---- DATA EXCERPTS

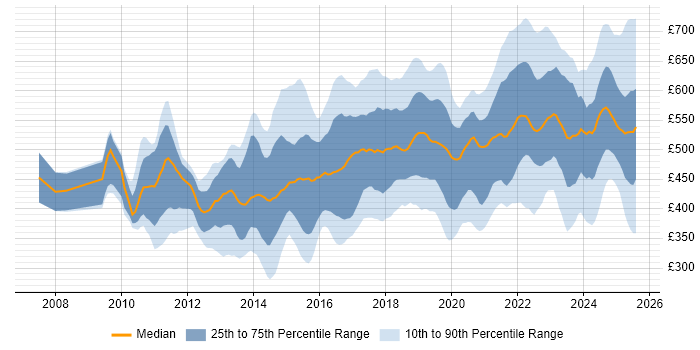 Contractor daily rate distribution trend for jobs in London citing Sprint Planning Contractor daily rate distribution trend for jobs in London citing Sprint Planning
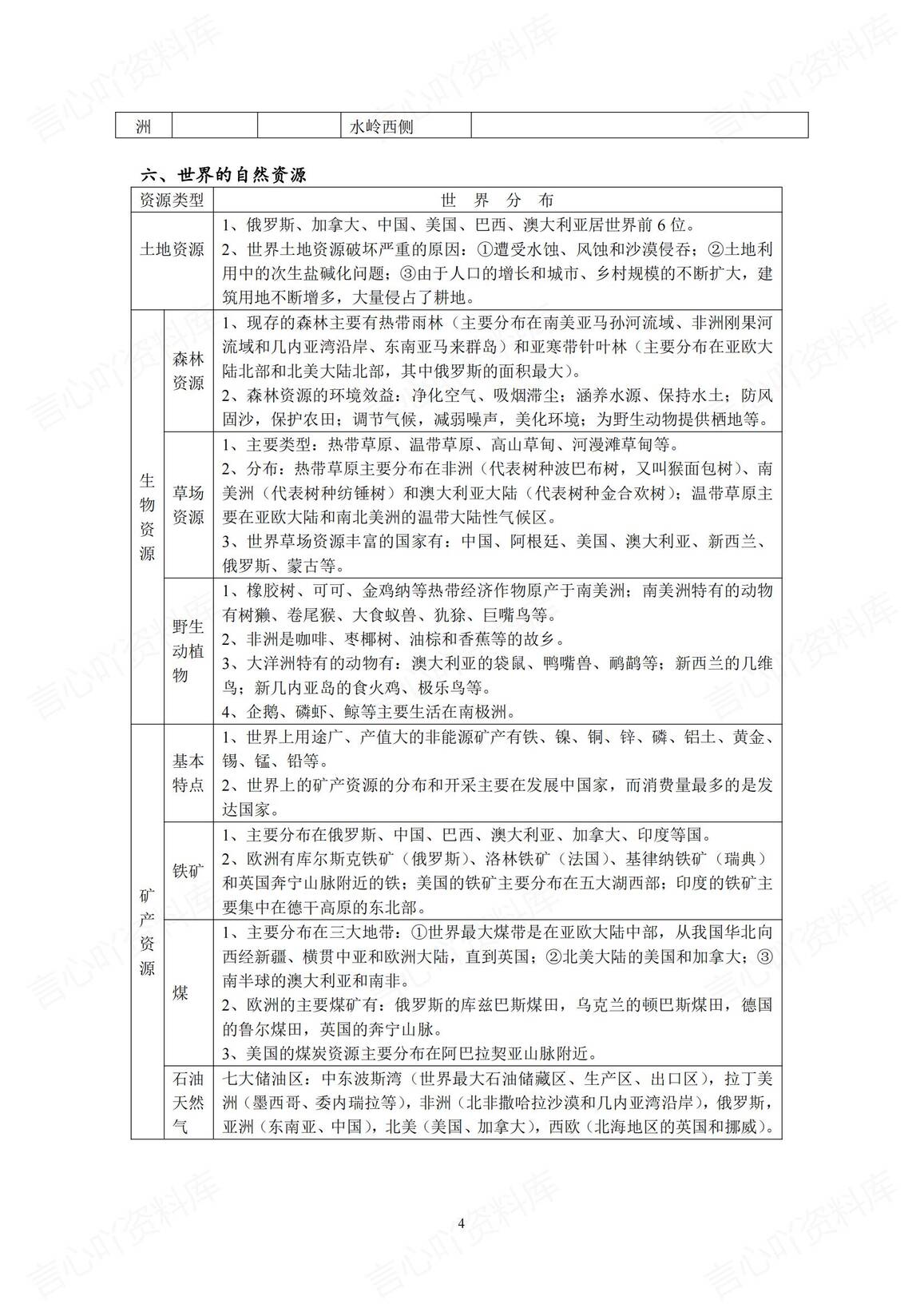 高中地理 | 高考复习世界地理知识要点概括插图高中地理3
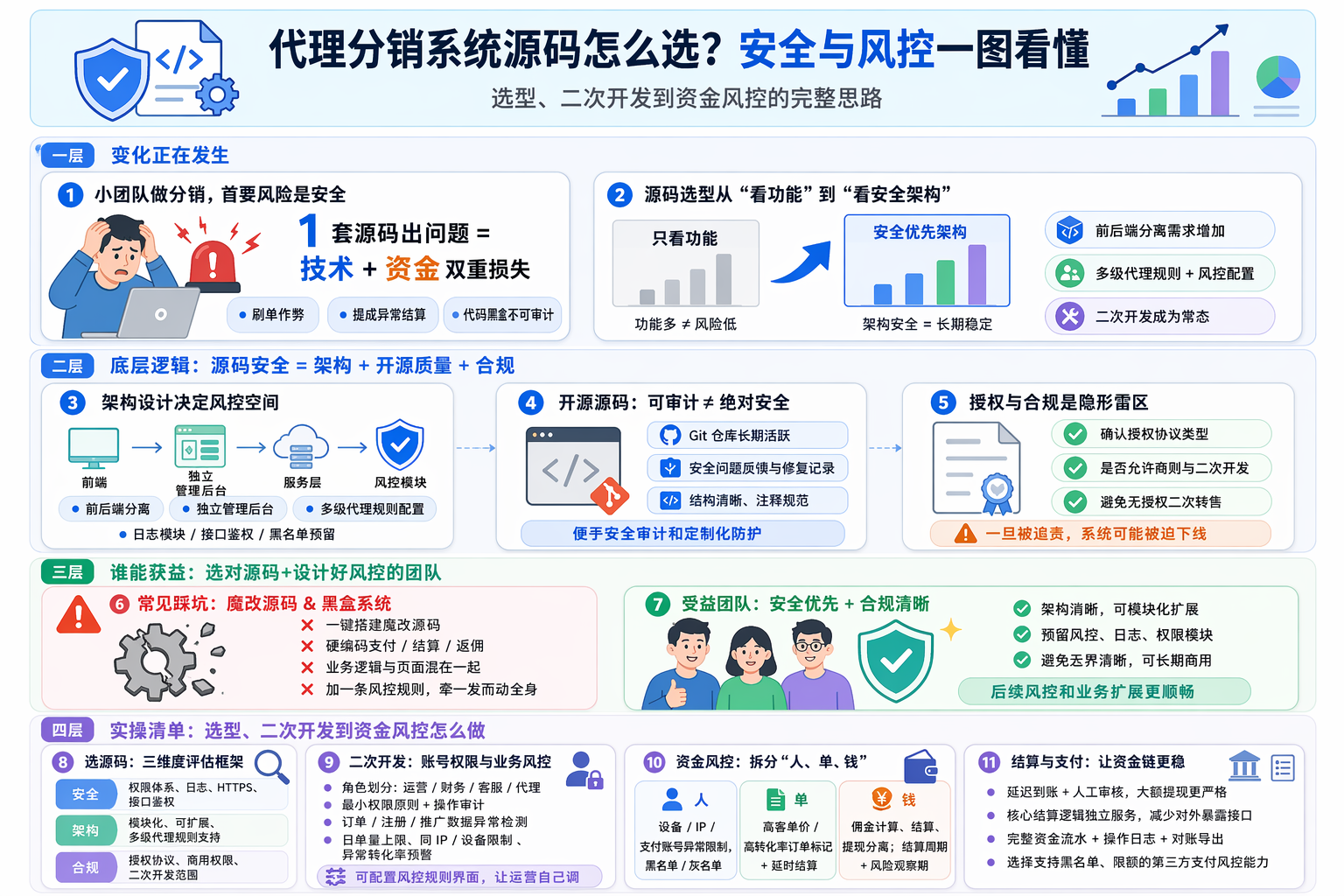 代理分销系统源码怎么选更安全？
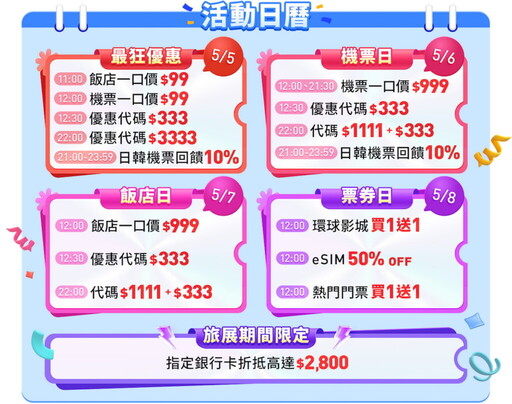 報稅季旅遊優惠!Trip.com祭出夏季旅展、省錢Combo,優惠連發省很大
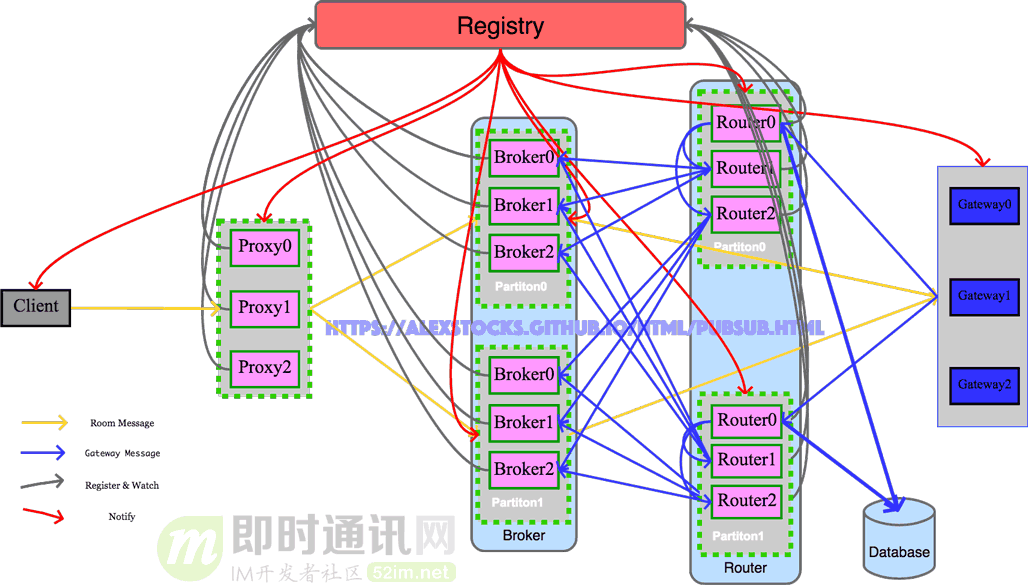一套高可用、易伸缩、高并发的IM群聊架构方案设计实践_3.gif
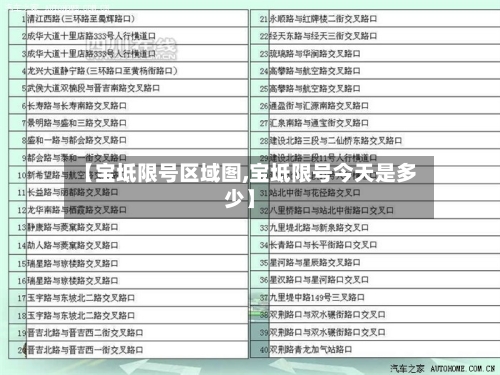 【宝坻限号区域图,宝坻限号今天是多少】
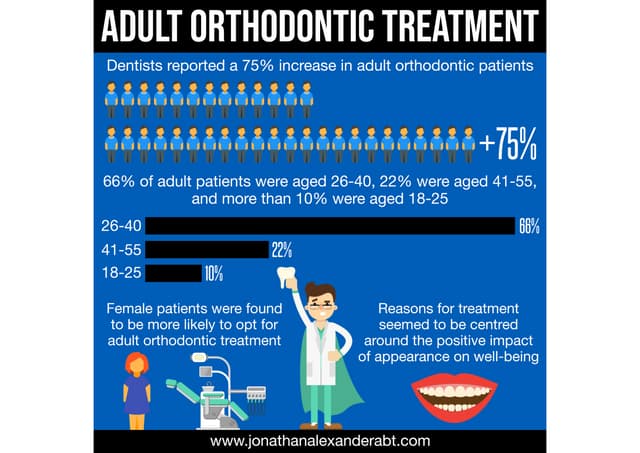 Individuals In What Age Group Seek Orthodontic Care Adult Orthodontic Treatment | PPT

--------

◆ TASK TO CARRY OUT ◆
In the answer, the data should reappear exactly, with no pictures.

◆ EXERCISE ANSWER ◆
 Contractor daily rate distribution trend for jobs in London citing Sprint Planning Contractor daily rate distribution trend for jobs in London citing Sprint Planning
 高中地理 | 高考复习世界地理知识要点概括插图高中地理3
 代理分销系统源码怎么选更安全？
 報稅季旅遊優惠!Trip.com祭出夏季旅展、省錢Combo,優惠連發省很大
一套高可用、易伸缩、高并发的IM群聊架构方案设计实践_3.gif
 【宝坻限号区域图,宝坻限号今天是多少】
 Individuals In What Age Group Seek Orthodontic Care Adult Orthodontic Treatment | PPT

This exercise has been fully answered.